**PROVIDED DATA**:
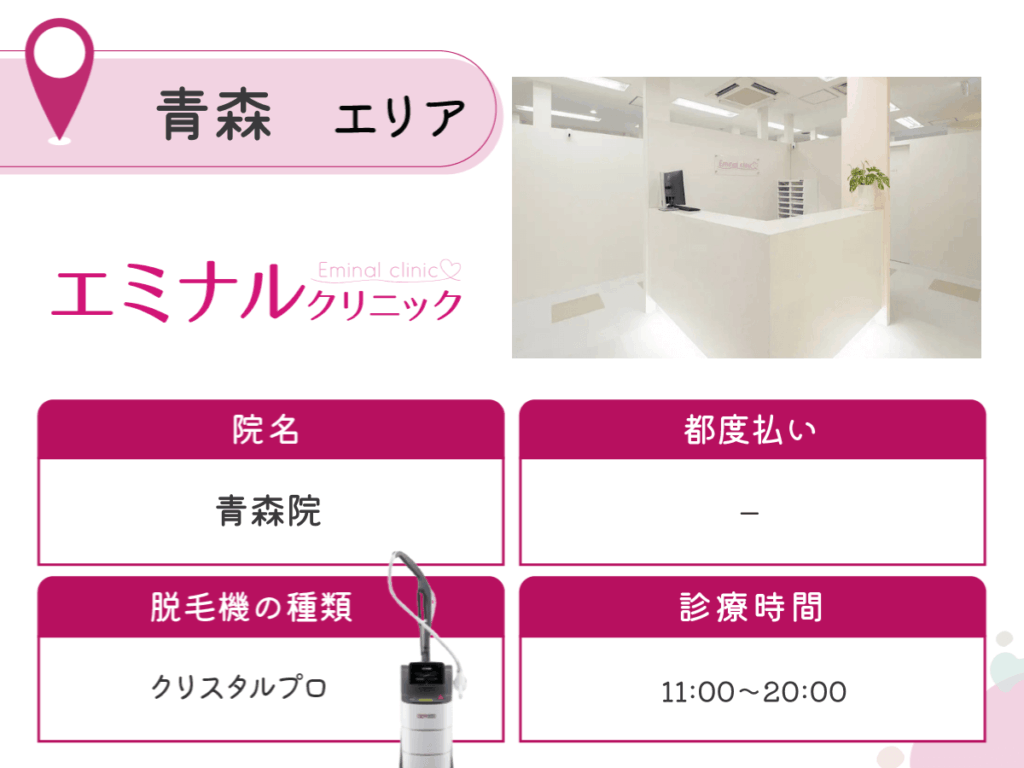 エミナルクリニック青森院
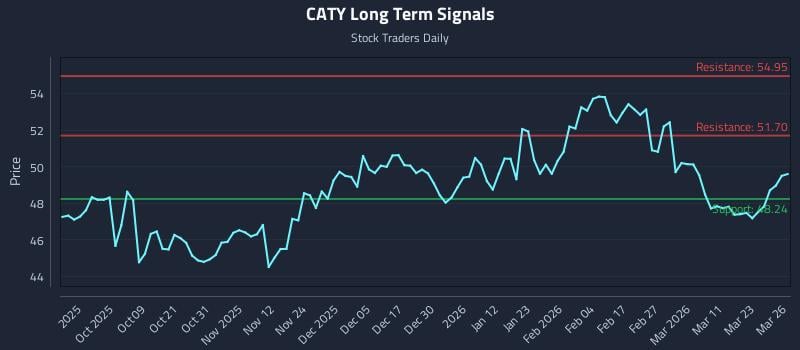 CATY Long Term Analysis for March 27 2026
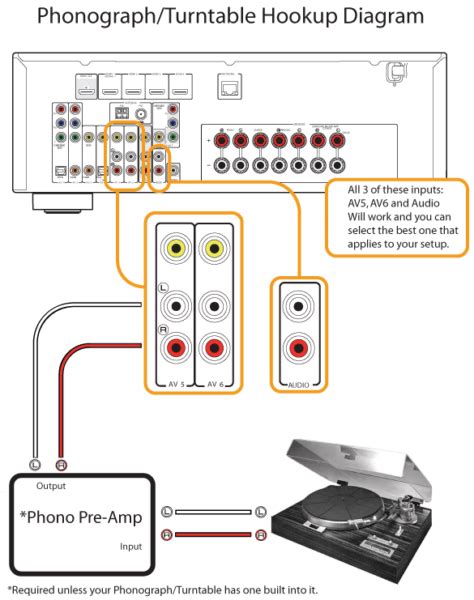 Yamaha Receiver Setup Diagram : The yamaha is a full featured avr and ...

**DIRECTIONS**: Leave the pictures out and restate the listing word for word.

**YOUR SOLUTION**:
 エミナルクリニック青森院
 CATY Long Term Analysis for March 27 2026
 Yamaha Receiver Setup Diagram : The yamaha is a full featured avr and ...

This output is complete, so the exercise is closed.